Le 21 novembre 2018, la Ligue, sous la présidence de Jacqueline Godet, lançait les premiers États généraux de la prévention des cancers qui ont abouti à onze propositions phares pour refonder la prévention en France. Revenons sur cet événement majeur avec son organisateur, Franck Chauvin, ancien vice-président de la Ligue contre le cancer.
Quel souvenir gardez-vous de cette manifestation largement relayée dans Vivre n° 380 ?
Franck Chauvin : Je me souviens d’une très grande mobilisation à Paris, au Conseil économique, social et environnemental (CESE), couronnant plusieurs mois de travaux préparatoires, et associant un très grand nombre d’acteurs (experts, société civile, mais aussi plus de 3 000 enfants). Avec, à la clé, des propositions fortes pour refonder la prévention.
Parmi les différentes propositions, seules deux mesures ont, pour le moment, été reprises par les pouvoirs
publics : la généralisation de l’éducation à la santé à l’école ; et la gratuité de la vaccination contre le papillomavirus humain (HPV) au collège.

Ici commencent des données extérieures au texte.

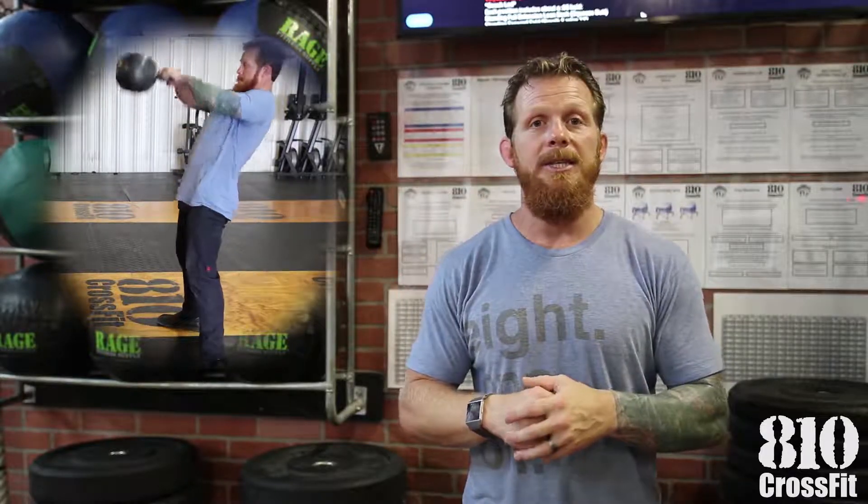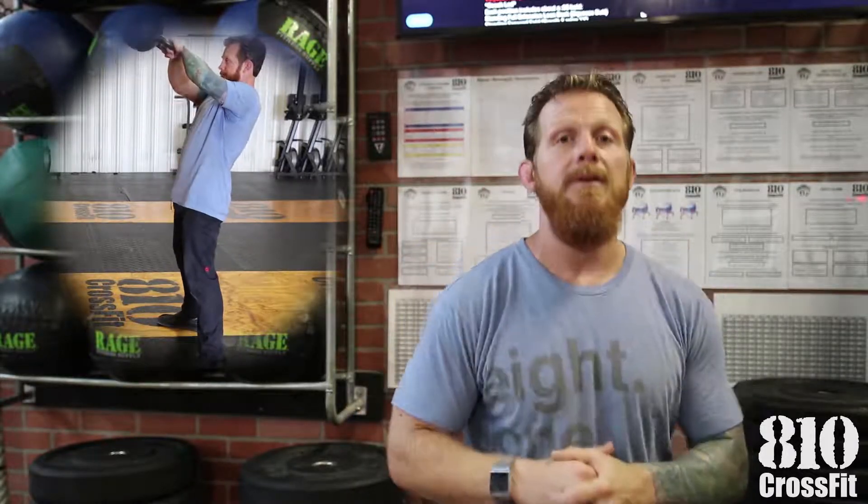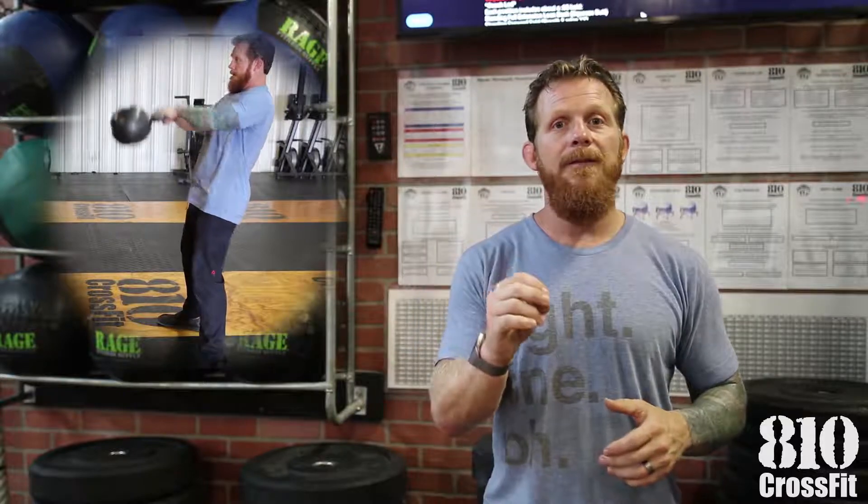As far as your Russian kettlebell swings that are going to be heavy for the 810 trains portion of the workout tomorrow, pick a weight that's heavy but doesn't let you move your feet when you swing the bell. If you're moving your feet while you swing the bell, that weight is too heavy.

Pourquoi est-ce si lent ?
F. C. : Il faut du temps pour qu’une mesure arrive politiquement à son terme. Ces deux-là ont le mérite de s’être concrétisées. Bien sûr, il reste beaucoup à faire en matière de prévention, notamment autour de l’activité physique, de la nutrition, de la lutte contre le tabac et l’alcool… Il faut continuer de porter les messages, même si c’est parfois très compliqué du fait du pouvoir d’influence des lobbies.
Que faut-il faire pour que la prévention soit efficace ?
F. C. : Il faudrait moins s’adresser aux individus qu’aux environnements. Un peu comme pour l’interdiction de fumer dans les lieux publics : on a observé une réduction notable de la consommation de tabac suite à cette mesure. Ce qu’il faut changer, donc, c’est la norme sociale !
En 2012, Vivre publiait votre interview sur quatre pages à propos des dépistages. À l’époque, nous notions que ces derniers faisaient l’objet de polémiques. Qu’en est-il aujourd’hui ?
F. C. : Les polémiques n’ont pas disparu, mais se sont apaisées. Le dépistage organisé du cancer du sein fait aujourd’hui consensus. Pour autant, la participation n’augmente pas. Quant au dépistage organisé du cancer colorectal, il ne suscite pas de polémique, mais ne trouve pas vraiment son public.
Avec la crise sanitaire, les mesures de prévention à large échelle ont été reléguées au second plan (vaccination, dépistage, retard au diagnostic…). Comment changer notre manière de faire de la prévention ?
F. C. : En 2020, nous avons pris conscience du fait que la population française était en mauvaise santé. Les formes graves de la Covid-19 ont été observées chez les personnes qui avaient déjà des pathologies comme le diabète, l’hypertension, l’obésité ou encore le cancer. Autant de maladies qui peuvent souvent être évitables par la prévention. Il y a donc toute une réflexion politique à engager aujourd’hui.